How has the Jew survived? By sticking closer to those very traditions that have caused the persecution. Which came first? Who knows, and what difference can that make? This is called anti-Semitism, a form of racism in a colloquial sense. I say this because there is no such thing as a Jewish race. They are a people, a culture, a religion, but the Semitic race actually includes practically all Jews and Arabs – in fact, all descendants from Shem, one of the sons of Noah.
My personal feeling is that the phrase ‘anti-Semitism’ is often misused, even by Jews themselves. On an international forum, criticism of their country’s policies is often described thus. On a local level, what has become or appeared to have become anti-Semitism was in many cases a typical example of the human weakness of being against any minority group. (The oppression of the blacks in South Africa by apartheid is called racism. How does one refer to the oppression of the lower classes in practically every African country? The effect is sometimes the same; often worse).
But two (or a thousand) wrongs do not make a right. Much of today’s Arab/Israeli problems are a result of anti-Semitism. There is no question that the Jews deserve a homeland. Although other countries were considered, among them Uganda, Madagascar and Argentina, Israel had to be the one. Although Muslims do live as a majority in many countries (a luxury the Jews have never had), what is important is that they are a majority in that country which houses the centre of their faith – Saudi Arabia, with Mecca and Medina. Jerusalem, where Mohammed is said to have ascended to Heaven on his white horse, is the third most important shrine in Islam, not directly mentioned in the Quran. So if the Jews should have just one country in which they can live in relative safety, then why not Israel?
Jews have lived in and around the land of Israel almost interrupted for over 2,000 years. Aviva’s family have been here for nearly 500 years. But who’s counting? That would only start another senseless argument.
Since the Maccabees in Roman times, Jews have rarely held guns in their hands. They have been pacifists, merchants, scholars. In the absence of anti-Semitism, they have usually become an important part of the society (in the arts, science, business etc.). There was no reason why, when Jews came to Israel in modern times, they would not follow the same trend.
The early Zionists, those who believed in the re-establishment of the Jewish State, were a mixture of such believers, plus refugees from the pogroms of Central Europe and Russia. (A pogrom is the persecution of the Jew by the authorities. They were oppressed in many ways, culminating in the transfer of whole communities, mass killings etc.).
The region at the time had a relatively small population, a mixture of Jews and Arabs, with some Druse (a people with a ‘secret religion’, based loosely on Islam) and Bedouins (mostly nomads). It was almost uninhabitable, with deserts and swamps.
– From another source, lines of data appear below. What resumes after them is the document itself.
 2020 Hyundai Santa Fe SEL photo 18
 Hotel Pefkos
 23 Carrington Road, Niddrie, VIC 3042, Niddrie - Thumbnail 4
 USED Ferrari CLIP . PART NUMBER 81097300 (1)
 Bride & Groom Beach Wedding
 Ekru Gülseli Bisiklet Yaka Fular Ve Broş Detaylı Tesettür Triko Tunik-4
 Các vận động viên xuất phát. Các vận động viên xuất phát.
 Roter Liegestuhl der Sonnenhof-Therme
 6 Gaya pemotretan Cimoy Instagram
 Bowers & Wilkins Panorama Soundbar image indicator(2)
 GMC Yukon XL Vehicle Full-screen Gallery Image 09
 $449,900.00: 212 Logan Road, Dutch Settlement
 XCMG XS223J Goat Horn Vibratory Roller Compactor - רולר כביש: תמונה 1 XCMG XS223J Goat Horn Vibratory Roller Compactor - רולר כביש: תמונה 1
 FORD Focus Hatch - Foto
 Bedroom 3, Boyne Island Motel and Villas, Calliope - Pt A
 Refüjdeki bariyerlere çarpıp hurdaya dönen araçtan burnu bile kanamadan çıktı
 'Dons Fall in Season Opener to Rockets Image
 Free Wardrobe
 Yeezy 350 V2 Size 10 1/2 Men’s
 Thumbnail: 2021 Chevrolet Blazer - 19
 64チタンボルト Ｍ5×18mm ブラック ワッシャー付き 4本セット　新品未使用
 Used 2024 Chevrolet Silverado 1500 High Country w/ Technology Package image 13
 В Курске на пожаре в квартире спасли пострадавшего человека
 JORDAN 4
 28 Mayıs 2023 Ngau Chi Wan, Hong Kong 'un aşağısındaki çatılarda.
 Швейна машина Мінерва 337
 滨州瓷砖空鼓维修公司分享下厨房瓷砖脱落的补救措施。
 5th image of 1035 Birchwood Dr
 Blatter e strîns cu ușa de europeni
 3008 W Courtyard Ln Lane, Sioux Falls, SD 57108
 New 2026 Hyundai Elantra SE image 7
Even today, the desert area covers over half of the country. Trees were then a rarity. At the time, no one but Jews had reason to come here.
[I’m trying to follow some obscure pattern in all this, but one is so easily side-tracked. Not easy to understand the attitude of the Arabs towards the Jews, especially in those early days of ‘modern Palestine’.]
If you read the book ‘The Haj’ by Leon Uris (fiction based on fact) you will get an idea of the Arab mentality, if one may generalise. I have often said that it does not need an Israel (a Jew) in the Middle East for there to be constant upheaval in the area. In fact, the presence of Israel introduces an added (dangerous) dimension. It theoretically gives the Arabs an incentive to unite, to have a common enemy, to end their internal struggles. But that really is theory. And anyway, there are not only Arabs involved. Most Iranians and Northern Africans are not Arab.
In addition to this, there are 2 mainstream divisions in Islam: Sunni & Shiite. The Iran-Iraq conflict is primarily based on this divide; much of the unrest in Lebanon is concerned with the same problem, although the Christians there are another important factor.
In Judaism, there are two dividing groups: Sephardim and Ashkenazim, based on ethnicity. Within them, there are divisions, some more or less religious than others. There are even Jews living in Israel who are anti-Zionist. That is, they only believe in a State of Israel after the coming of the Messiah; they cannot believe in a secular state.
Look at the numerous divisions within Christianity. How can there be peace…? And why should we be different?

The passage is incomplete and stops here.